The other parties have so far set up committees to issue policies for local issues and select election candidates.
FFP deputy leader Chamnan Chanruang insisted the party will not collaborate with its opposition partner, Pheu Thai.
Based on the national election results, the FFP will field candidates in 20-30 provinces where it finished first or second in the national polls. These provinces include Chiang Mai, Phrae, Chon Buri and Samut Sakhon, he said.
Old-timers on the fence
While the FFP has made clear its plan to take part in local elections, other major parties would seem to prefer to keep a distance and let local politics be handled by their MPs in the provinces.
PPRP MP Suchart Chomklin said talks about local elections have begun in the core coalition party. However, PPRP key figures are cautious about sending candidates to contest local polls under the party’s banner.
“The party may send candidates on the party’s ticket in some provinces such as Songkhla where the party won four House seats, half of the total seats available.

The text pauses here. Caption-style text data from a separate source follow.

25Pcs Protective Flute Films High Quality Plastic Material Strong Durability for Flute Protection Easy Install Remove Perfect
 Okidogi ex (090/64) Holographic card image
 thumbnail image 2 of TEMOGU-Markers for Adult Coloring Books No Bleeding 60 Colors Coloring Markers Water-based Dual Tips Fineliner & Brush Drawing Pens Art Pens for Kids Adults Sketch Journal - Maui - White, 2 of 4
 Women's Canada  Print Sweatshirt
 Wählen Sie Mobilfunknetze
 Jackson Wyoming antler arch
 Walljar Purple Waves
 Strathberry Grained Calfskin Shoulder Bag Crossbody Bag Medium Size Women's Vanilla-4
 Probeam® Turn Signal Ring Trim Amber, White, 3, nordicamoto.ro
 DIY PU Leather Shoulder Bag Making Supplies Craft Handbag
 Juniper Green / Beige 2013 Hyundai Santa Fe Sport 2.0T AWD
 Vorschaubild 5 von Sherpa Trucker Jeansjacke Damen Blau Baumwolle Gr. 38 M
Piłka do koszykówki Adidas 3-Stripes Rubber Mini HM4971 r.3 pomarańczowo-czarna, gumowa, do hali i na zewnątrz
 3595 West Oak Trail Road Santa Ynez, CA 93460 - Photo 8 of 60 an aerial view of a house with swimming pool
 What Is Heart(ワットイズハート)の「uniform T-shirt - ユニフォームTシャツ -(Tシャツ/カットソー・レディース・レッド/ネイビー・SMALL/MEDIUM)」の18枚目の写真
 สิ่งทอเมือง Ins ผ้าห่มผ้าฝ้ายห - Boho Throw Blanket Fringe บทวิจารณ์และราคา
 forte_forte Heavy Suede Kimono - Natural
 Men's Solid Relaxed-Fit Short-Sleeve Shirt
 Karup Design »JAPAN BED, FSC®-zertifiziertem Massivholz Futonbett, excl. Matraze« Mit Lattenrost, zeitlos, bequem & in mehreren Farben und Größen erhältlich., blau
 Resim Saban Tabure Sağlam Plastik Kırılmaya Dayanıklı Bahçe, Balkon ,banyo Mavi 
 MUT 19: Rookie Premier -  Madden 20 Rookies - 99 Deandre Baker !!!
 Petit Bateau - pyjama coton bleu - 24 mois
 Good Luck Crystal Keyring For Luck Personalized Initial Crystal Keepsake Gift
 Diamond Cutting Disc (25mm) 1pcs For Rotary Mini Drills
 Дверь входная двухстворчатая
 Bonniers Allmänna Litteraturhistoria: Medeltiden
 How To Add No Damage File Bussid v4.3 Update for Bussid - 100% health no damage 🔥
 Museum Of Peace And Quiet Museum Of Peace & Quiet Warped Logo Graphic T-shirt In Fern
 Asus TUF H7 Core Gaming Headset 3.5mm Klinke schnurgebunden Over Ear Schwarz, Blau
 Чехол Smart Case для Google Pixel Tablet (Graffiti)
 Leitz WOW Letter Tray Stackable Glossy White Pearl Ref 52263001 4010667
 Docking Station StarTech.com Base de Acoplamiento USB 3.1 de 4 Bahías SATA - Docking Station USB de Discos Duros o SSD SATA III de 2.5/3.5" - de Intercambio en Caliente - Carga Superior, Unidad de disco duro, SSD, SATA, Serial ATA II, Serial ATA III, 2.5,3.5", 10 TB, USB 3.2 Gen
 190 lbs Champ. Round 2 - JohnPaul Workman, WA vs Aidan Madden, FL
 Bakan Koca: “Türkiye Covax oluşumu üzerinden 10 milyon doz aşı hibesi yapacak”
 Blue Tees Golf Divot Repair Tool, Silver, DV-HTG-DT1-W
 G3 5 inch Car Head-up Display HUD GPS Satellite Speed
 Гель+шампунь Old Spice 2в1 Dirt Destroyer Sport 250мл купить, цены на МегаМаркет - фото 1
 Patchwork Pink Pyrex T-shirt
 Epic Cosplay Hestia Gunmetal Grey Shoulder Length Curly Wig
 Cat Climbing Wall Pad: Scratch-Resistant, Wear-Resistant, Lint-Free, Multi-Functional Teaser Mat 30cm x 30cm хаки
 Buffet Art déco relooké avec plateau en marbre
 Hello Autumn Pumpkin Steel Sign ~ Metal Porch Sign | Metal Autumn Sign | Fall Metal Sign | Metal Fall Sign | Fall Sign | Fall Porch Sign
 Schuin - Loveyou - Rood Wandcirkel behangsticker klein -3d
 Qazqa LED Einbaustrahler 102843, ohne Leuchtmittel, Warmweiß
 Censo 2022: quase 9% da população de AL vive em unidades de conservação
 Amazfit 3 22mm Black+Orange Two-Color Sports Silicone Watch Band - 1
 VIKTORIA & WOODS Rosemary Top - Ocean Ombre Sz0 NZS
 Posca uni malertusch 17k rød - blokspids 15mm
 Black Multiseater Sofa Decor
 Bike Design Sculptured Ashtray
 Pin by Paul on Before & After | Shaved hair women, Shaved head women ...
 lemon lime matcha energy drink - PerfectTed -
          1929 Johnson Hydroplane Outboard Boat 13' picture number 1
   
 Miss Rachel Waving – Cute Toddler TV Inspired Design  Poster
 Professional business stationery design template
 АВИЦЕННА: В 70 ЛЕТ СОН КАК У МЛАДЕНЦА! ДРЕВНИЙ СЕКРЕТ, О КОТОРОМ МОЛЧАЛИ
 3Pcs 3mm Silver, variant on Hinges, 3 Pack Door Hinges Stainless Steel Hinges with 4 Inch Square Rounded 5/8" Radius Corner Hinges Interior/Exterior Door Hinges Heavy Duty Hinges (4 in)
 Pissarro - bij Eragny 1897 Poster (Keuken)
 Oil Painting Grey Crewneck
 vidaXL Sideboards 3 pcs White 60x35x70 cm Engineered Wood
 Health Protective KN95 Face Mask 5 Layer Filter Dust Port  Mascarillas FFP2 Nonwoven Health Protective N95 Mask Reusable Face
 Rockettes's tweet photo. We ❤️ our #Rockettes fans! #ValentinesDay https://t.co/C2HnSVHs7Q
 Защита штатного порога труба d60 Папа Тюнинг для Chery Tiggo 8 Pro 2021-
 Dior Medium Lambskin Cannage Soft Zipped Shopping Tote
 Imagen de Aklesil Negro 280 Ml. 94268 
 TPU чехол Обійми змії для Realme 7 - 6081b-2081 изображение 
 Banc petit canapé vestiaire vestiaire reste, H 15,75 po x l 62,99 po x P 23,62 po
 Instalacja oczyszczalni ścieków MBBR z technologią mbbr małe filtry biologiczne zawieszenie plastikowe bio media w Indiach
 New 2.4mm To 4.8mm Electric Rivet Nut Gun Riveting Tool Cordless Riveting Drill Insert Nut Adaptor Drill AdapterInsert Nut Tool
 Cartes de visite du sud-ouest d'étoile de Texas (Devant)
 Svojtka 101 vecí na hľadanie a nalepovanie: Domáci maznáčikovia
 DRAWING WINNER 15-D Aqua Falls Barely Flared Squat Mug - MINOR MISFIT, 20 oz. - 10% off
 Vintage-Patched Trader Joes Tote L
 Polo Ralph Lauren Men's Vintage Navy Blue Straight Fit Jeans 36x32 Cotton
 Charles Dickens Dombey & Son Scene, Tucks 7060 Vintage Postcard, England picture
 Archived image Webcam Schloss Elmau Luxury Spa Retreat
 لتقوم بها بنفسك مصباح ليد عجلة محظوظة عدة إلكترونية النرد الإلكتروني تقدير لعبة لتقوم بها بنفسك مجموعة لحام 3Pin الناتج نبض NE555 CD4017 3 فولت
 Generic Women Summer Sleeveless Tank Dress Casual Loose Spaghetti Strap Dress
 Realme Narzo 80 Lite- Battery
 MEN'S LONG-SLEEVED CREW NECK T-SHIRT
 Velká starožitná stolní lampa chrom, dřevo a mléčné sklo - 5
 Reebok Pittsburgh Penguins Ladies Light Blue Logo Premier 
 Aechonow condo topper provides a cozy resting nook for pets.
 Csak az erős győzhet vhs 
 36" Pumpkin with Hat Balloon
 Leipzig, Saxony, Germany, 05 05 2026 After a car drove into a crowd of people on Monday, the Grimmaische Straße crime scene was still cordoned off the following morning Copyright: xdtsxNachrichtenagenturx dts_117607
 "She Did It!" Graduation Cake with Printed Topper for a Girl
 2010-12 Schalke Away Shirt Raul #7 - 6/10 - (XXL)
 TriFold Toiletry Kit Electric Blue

The party’s brand can boost the candidates’ chance,” he said.
According to Mr Suchart, more often than not local elections are won by factors different from the national polls.
According to Mr Suchart, in Chon Buri there is the “We Love Chon Buri” group that he supports.
In the 2007 general election, the Democrat Party won all the House seats in the eastern province but it lost to the group in the PAO election.
“The FFP plans to field candidates under the party’s banner in several provinces because they want to test their popularity,” he said.
Anudith Nakornthap, secretary-general of the Pheu Thai Party, said the party has set up a committee to work on policies and select candidates but it has yet to be decided which local elections the party will contest.
Democrat deputy leader Nipit Intarasombat said even though the party considers that local elections promote decentralisation of power, it usually keeps its distance from local polls to avoid divisiveness.
Local officials in no hurry
Nopporn Wutthikul, mayor of Hua Hin municipality, said he did not mind delays in local polls.
“The government is responsible for setting aside the budget to finance the polls and should be ready. The manpower for poll watch duties should also be ready,” he said.
He said he is aware of parties’ interest in contesting local elections, but warned that “local elections are about local issues. Political parties may not understand these issues well enough”.
Kreeta Chotewitpipat, head of tambon Wichit municipality in the southern province of Phuket, is in favour of a delay to give parties time to prepare.
“There are several levels of local elections and the intensity varies from area to area too,” he said, but added they were likely to spark “widespread interest” in most areas. Public excitement as the polls approach is likely to mount, especially given the past delays.